▶ **Problem**
Given the listing below, write out exactly the lines starting with the line that has "Lynettedowlen" and going on through the line that has "Estate Settlement Appraisals", both kept.
[Opening Data for processing section]
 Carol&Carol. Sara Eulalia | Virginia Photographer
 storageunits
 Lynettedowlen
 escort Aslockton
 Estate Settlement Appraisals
[Closing Data for processing section]
[Opening Data for processing section]
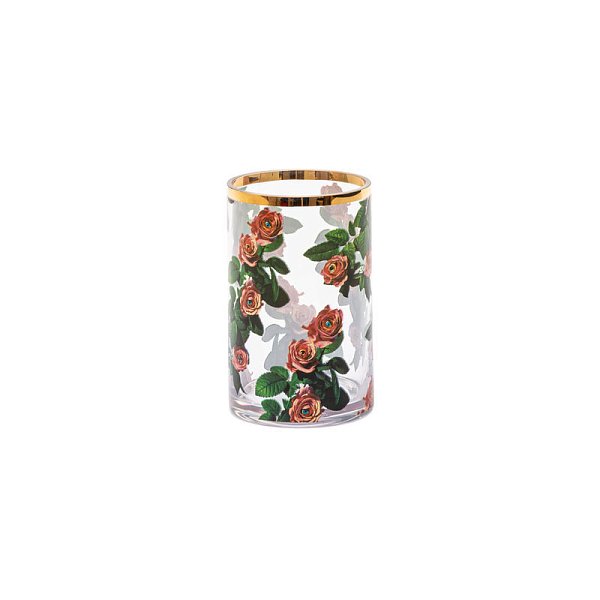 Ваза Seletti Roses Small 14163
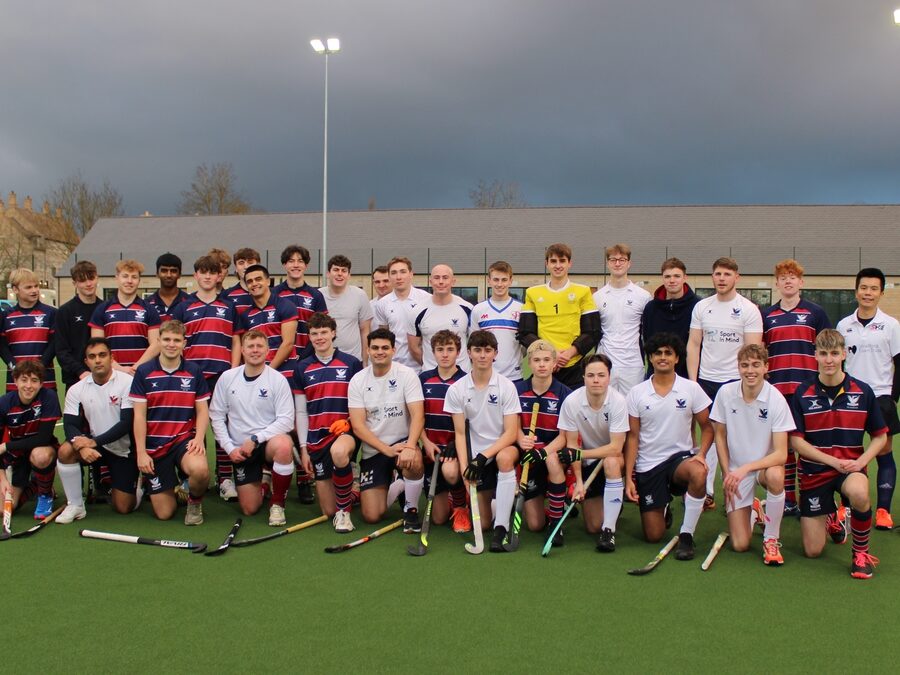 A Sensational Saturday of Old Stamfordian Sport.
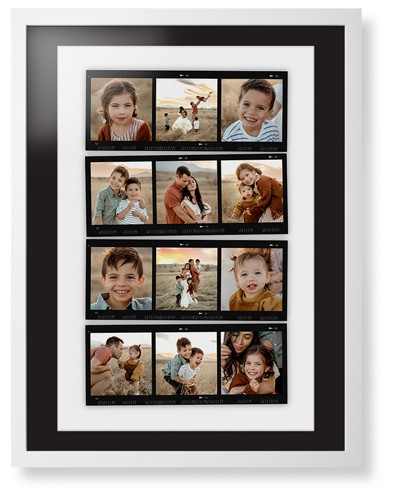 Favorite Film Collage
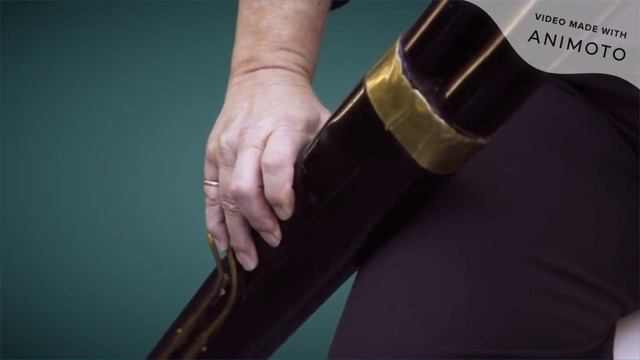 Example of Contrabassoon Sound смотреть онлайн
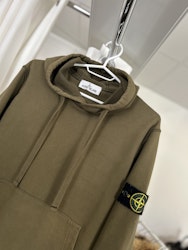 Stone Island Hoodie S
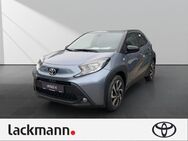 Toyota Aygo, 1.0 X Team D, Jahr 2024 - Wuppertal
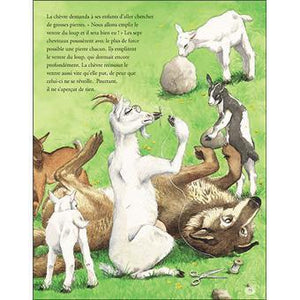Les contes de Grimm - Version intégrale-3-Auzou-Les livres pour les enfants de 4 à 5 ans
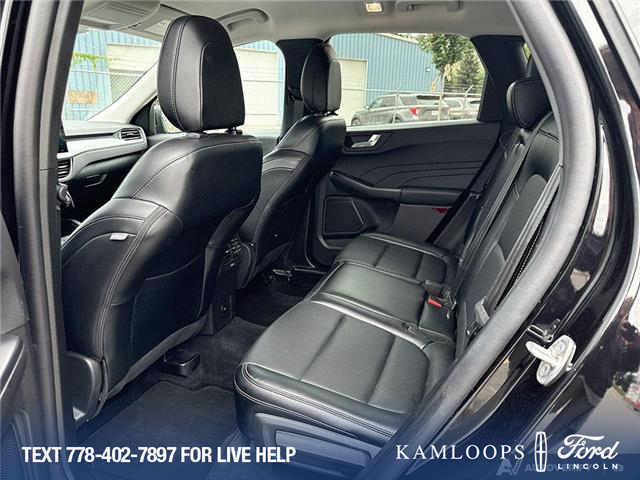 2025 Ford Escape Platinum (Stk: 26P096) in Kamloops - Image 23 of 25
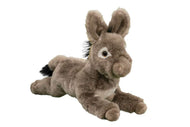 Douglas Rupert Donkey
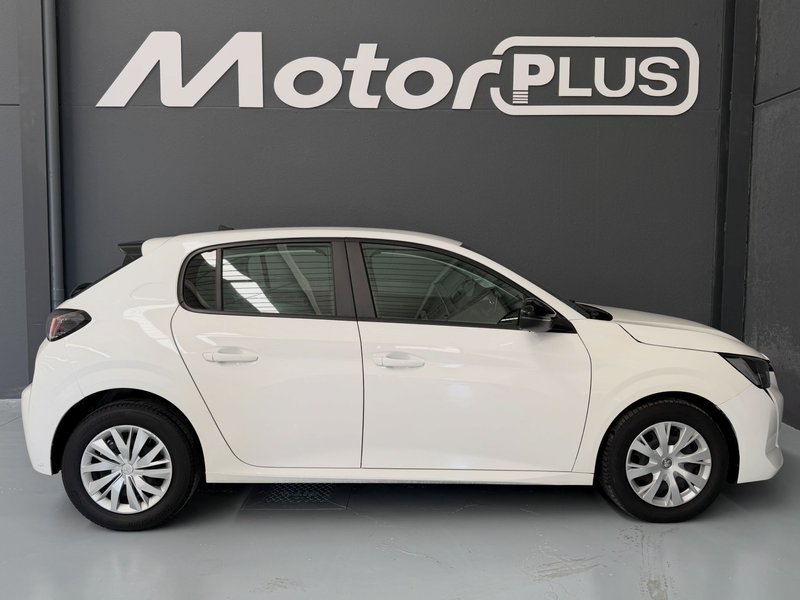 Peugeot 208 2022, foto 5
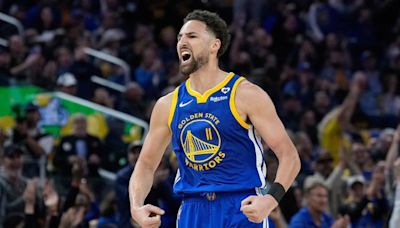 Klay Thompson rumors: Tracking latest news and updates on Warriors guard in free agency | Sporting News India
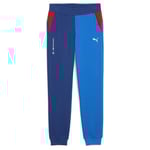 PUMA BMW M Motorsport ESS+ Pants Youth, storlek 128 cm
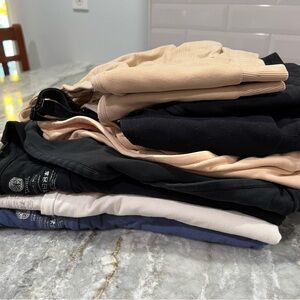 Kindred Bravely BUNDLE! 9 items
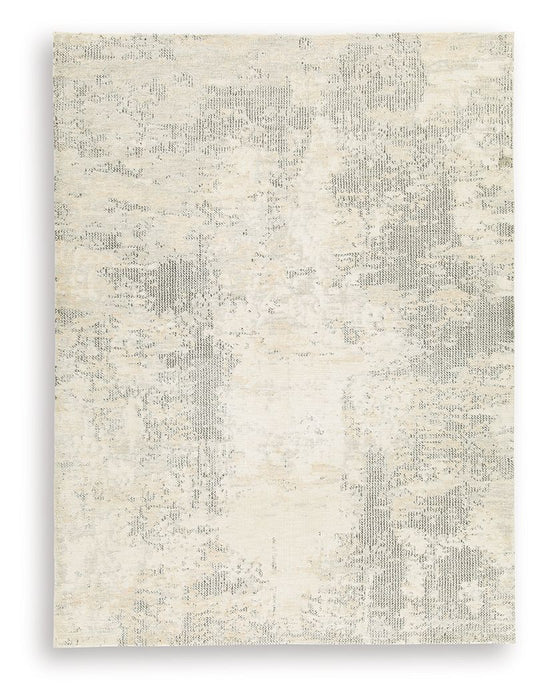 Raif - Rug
[Closing Data for processing section]
[Opening Data for processing section]
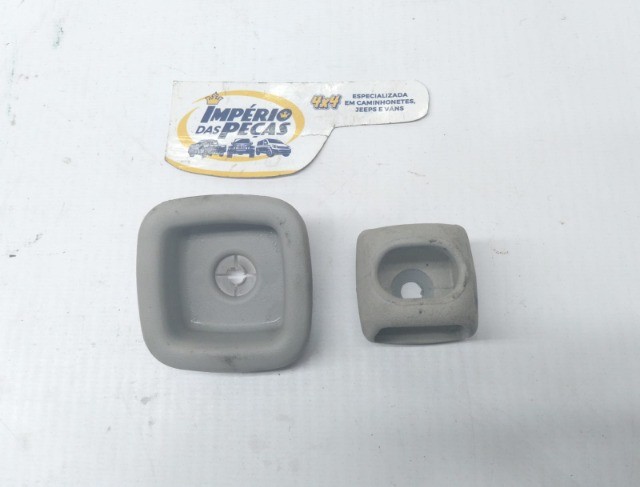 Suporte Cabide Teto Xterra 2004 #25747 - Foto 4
[Closing Data for processing section]
▶ **The completed task**
 Lynettedowlen
 escort Aslockton
 Estate Settlement Appraisals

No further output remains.